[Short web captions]
----------

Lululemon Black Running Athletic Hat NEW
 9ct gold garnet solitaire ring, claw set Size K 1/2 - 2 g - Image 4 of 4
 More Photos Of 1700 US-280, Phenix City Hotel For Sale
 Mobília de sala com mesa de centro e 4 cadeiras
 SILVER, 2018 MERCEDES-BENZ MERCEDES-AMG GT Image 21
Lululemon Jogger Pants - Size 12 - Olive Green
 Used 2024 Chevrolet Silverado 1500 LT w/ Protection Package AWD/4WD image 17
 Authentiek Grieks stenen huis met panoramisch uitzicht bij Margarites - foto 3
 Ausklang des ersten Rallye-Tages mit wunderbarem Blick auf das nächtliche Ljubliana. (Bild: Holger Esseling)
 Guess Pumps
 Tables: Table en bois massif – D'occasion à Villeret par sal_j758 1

----------

TASK DETAILS: Transcribe the data exactly.

SOLUTION TO THIS EXERCISE:
Lululemon Black Running Athletic Hat NEW
 9ct gold garnet solitaire ring, claw set Size K 1/2 - 2 g - Image 4 of 4
 More Photos Of 1700 US-280, Phenix City Hotel For Sale
 Mobília de sala com mesa de centro e 4 cadeiras
 SILVER, 2018 MERCEDES-BENZ MERCEDES-AMG GT Image 21
Lululemon Jogger Pants - Size 12 - Olive Green
 Used 2024 Chevrolet Silverado 1500 LT w/ Protection Package AWD/4WD image 17
 Authentiek Grieks stenen huis met panoramisch uitzicht bij Margarites - foto 3
 Ausklang des ersten Rallye-Tages mit wunderbarem Blick auf das nächtliche Ljubliana. (Bild: Holger Esseling)
 Guess Pumps
 Tables: Table en bois massif – D'occasion à Villeret par sal_j758 1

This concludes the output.